■ **Problem to work on**: For every record below, repeat the text exactly and pass over any image.

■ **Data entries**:
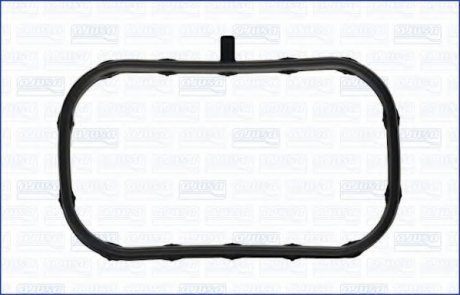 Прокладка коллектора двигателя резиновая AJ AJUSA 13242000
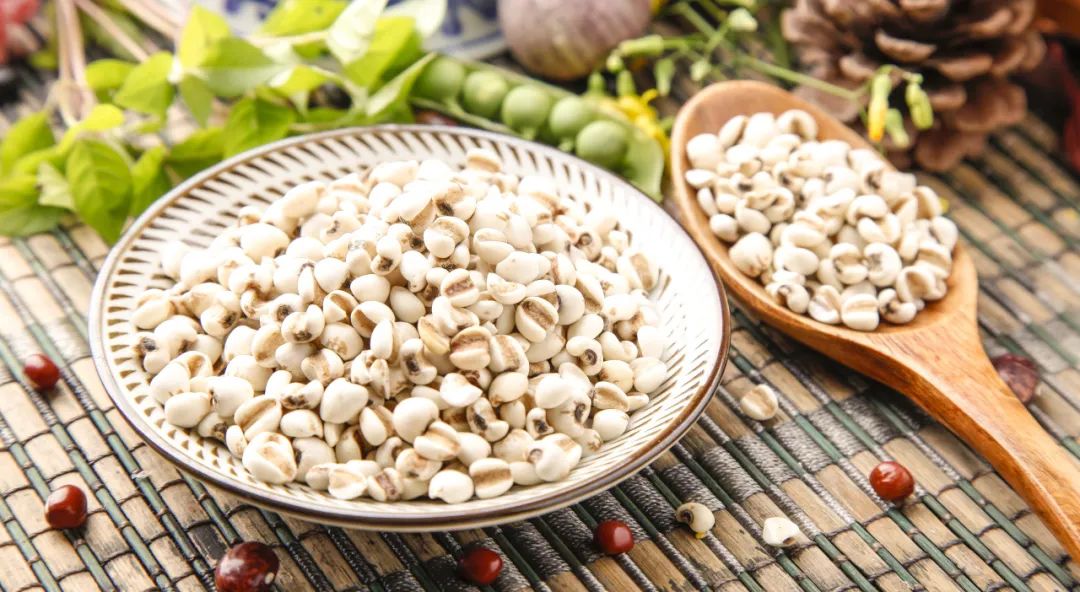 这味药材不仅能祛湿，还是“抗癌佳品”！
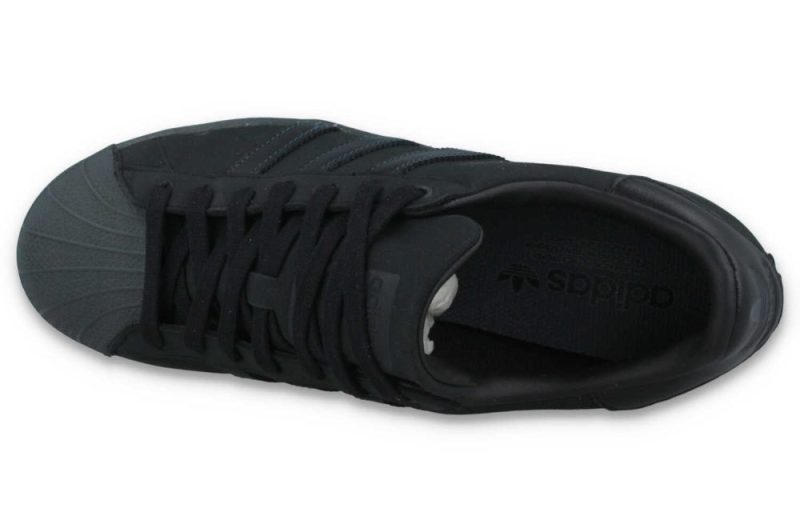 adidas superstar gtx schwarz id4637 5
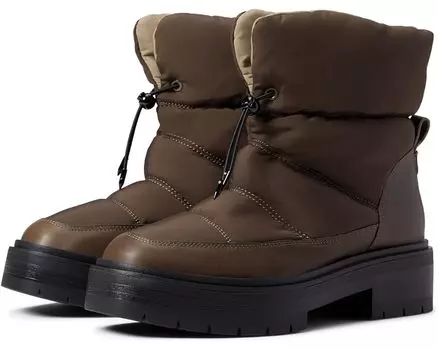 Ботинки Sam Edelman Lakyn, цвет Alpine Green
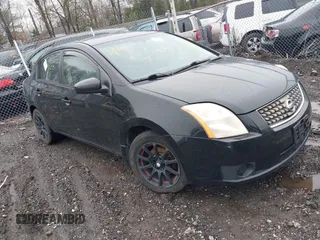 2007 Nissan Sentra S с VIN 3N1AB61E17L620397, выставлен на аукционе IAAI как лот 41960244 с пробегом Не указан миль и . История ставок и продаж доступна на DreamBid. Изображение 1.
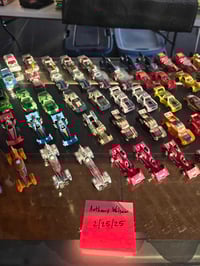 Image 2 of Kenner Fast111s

■ **Solution**:
 Прокладка коллектора двигателя резиновая AJ AJUSA 13242000
 这味药材不仅能祛湿，还是“抗癌佳品”！
 adidas superstar gtx schwarz id4637 5
 Ботинки Sam Edelman Lakyn, цвет Alpine Green
 2007 Nissan Sentra S с VIN 3N1AB61E17L620397, выставлен на аукционе IAAI как лот 41960244 с пробегом Не указан миль и . История ставок и продаж доступна на DreamBid. Изображение 1.
 Image 2 of Kenner Fast111s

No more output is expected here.